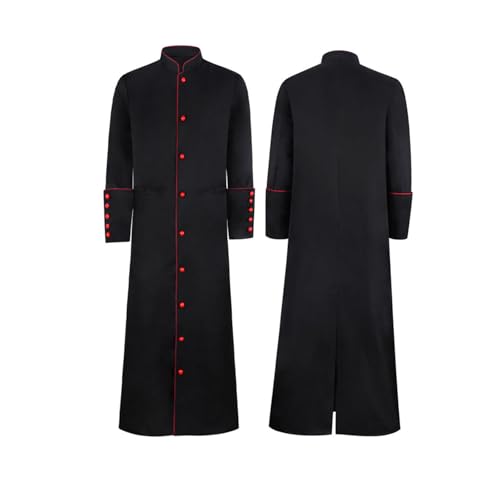 Cyborey Priester Kostüm Herren Damen Mittelalterliche Robe Renaissance Schwarzes Gewand Christliche Kleidung von Cyborey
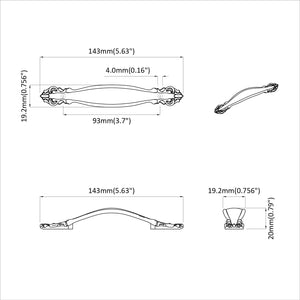 Manico 968 pcs Nero Lega di Zinco 864718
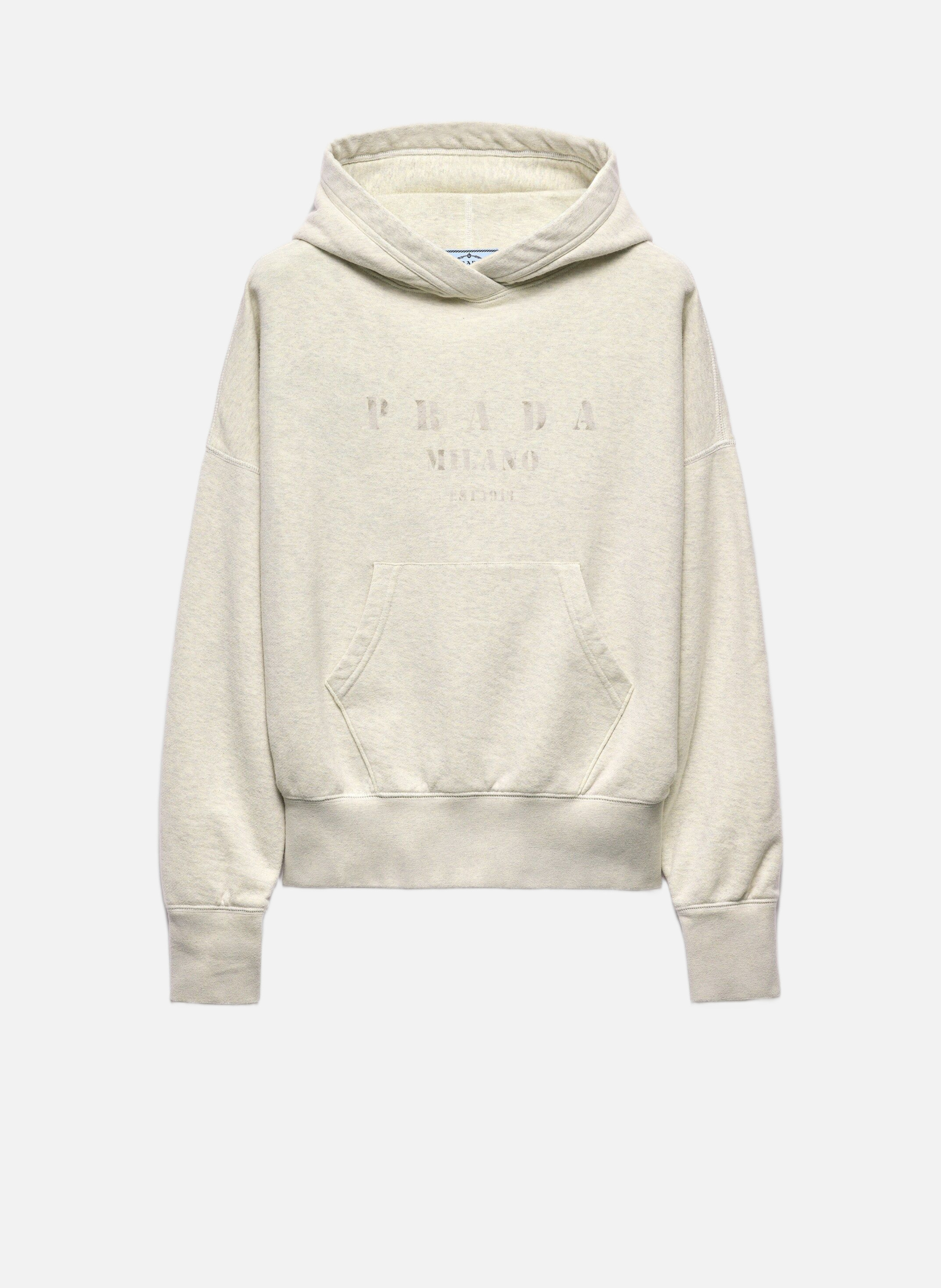 Sweat-shirt à capuche en coton molletonné PRADA Beige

• [PROBLEM REQUIREMENTS]
Put each line of the listing above into the copy exactly, dropping the pictures.

• [COMPLETED EXERCISE]
 Cyborey Priester Kostüm Herren Damen Mittelalterliche Robe Renaissance Schwarzes Gewand Christliche Kleidung von Cyborey
 Manico 968 pcs Nero Lega di Zinco 864718
 Sweat-shirt à capuche en coton molletonné PRADA Beige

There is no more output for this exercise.